Randy’s not tall, 5’6” or so. His left shoulder was badly hurt in an incident and is hunched and sits lower than his right shoulder causing him to lead with his left when he walks, like a boxer, the good shoulder back and cocked like he’s about to throw a haymaker. One side of his face is swollen and pocked and port wine purple. A birth defect, sometimes he covers the wine stain with makeup; in conversation, he talks with one eye, turning his face to hide the purple. This spring, he had brain surgery for cancer and wears a net bandage over his head, tufts of his growing hair poking through the medical-white netting.

Randy owns and manages The Mineral Springs Motel, a rundown twenty-three-room motel in Webster Springs, West Virginia, population seven hundred. He bought the motel on a contract-for-deed in 1978, he was 24 years old. He was elected mayor of Webster Springs then to the West Virginia House of Delegates then to the State Senate. He was defeated by a Republican in 2011. He was the first openly gay elected official in West Virginia.

He’s divorced and has a twenty-seven-year-old son, Clark; blond and multi-colored hair, millennial wardrobe, fair skin. Clark was bullied in high school because of his dad’s figurement and identity. He works at the motel and lives in Randy’s house on the other side of town. Randy lives at the motel. Their love and resentments are obvious in their tones and silences.

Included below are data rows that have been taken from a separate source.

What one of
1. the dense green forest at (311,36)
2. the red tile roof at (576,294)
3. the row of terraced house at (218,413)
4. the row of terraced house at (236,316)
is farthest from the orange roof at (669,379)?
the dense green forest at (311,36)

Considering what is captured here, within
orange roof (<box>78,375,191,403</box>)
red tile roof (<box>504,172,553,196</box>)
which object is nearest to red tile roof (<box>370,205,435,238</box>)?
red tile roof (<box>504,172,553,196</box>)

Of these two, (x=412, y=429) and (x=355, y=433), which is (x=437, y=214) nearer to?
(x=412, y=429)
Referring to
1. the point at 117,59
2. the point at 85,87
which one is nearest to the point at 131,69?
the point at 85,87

At the motel, Randy lives in a two-story apartment. The upper story had been a bar, the dance floor is now his bedroom. The bar is his kitchen. Randy closed the bar after a couple of years because of the drinking and the fighting; his shoulder he’d crushed chasing a customer down a flight of stairs, he and the customer both drunk. The bar and bar sink are still there and above the sink, glass shelves and part-empty liquor bottles fuzzy with dust.

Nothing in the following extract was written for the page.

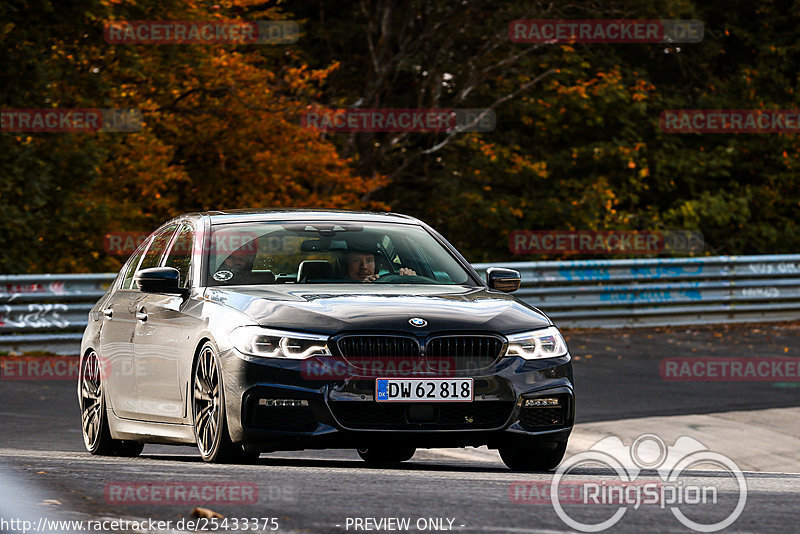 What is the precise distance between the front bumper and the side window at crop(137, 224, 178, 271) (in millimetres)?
2137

In the corner of his dance floor bedroom, there’s a flat screen tv mounted to the wall, a recliner and a stool face the tv. The floor around the chairs is covered with paint tubes and brushes and stretched and rolled canvases and paint pots and an easel and pebbles and big pebbles and works in progress and all manner of art detritus with only small spaces in front of the chairs for his feet. In the room, not just the floor, every flat surface is covered with painted and partially painted pebbles, unhung paintings, paintings in progress, junk mail, important mail, IRS mail, screwdrivers, hammers, pliers, empty pop cans, pizza boxes and all the rest. His paintings, framed and unframed, hang on the walls. On both rocks and canvas, his art is good enough that selling it helped him through the pandemic. He gave me a painted rock although what I really wanted was one of his canvases. I hinted but he didn’t offer.

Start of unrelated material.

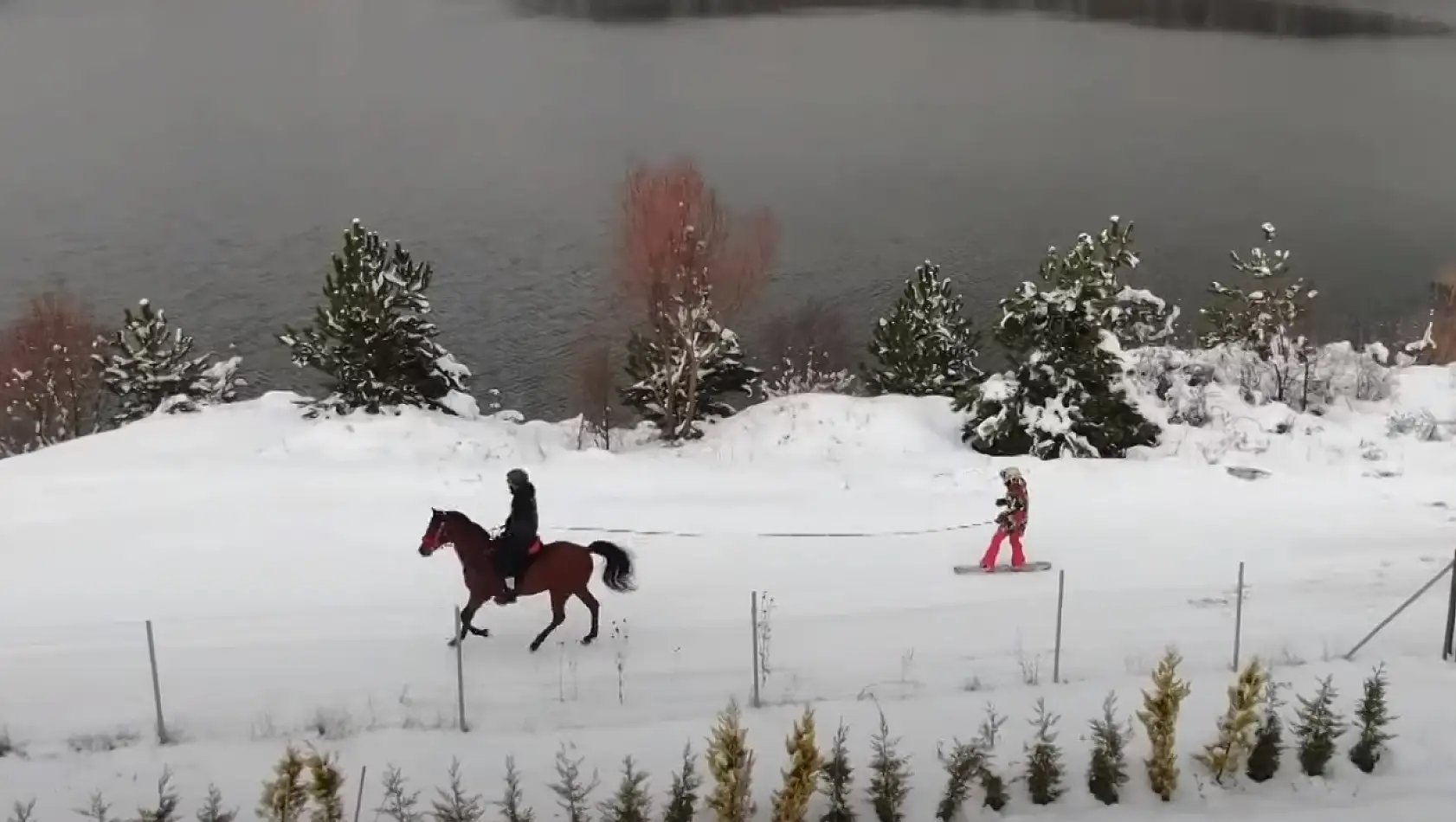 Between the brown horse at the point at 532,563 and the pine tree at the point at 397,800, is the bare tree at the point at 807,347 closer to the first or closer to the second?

The stools are still under the bar. I’d bought ground beef and tomatoes and buns and beer. We grilled the burgers outside and he heated up cheese dip in the old bar oven and we sat at the bar and pushed pebbles and mail aside and ate burgers and chips and dip and drank beer and smoked weed and talked until past two in the morning.

Randy does the landscaping. The motel sits on two acres of tall, shady sycamores, close cut grass, and island gardens filled with lilies and hardy lilies and phlox and small evergreens dammed out of the grass by rings of pebbled rocks. In a rectangular garden spaded into the lawn, he grows sunflowers; last year he came within five inches of having the tallest sunflower in West Virginia, twenty-three feet and change.

A rocky trout stream, a branch of the Elk River, runs along one side of the property. He’s placed metal chairs and benches along the bank; at dusk, as the shadowy dark crawls over the Appalachian Mountains and the soft, cool air settles on the back of the neck and bare arms, the sensuousness, the perfection of the moment is overwhelming.

For decades, Randy has allowed indigent people passing through Webster Springs to spend nights in his motel for free. I met James and George, they were thrown out of their living situation by Jame’s sister, Loretta. She owns the house in town they were living in. Randy gave them a room and acted as an intermediary with Loretta as they patched things up. James and George are both sixty and HIV positive and crippled with the disease and its treatments and living on disability. They don’t have a car and were waiting for Loretta to pick them up the morning I rode away.

Randy’s liberalism exists in a harsh environment. It’s an earned liberalism, a tough liberalism, an existential liberalism, an honest, clear-eyed and knowing liberalism. There’s nothing cloistered or naïve about it. He talks about it in terms of policy, his voice taking on the cadence and tone of a seasoned politician, accomplishments, failures, constituents, infrastructure, environment, law. But it’s in his patience, gentleness and generosity towards other people, in his care and love for his environment, in his acceptance of struggle and disappointment, in his toughness, idealism and understanding of human nature and human frailty that his liberalism is most evident, most impactful, most profound.

I wrote this a couple of years ago, it seems fitting to our moment, and a reminder of what liberalism truly is.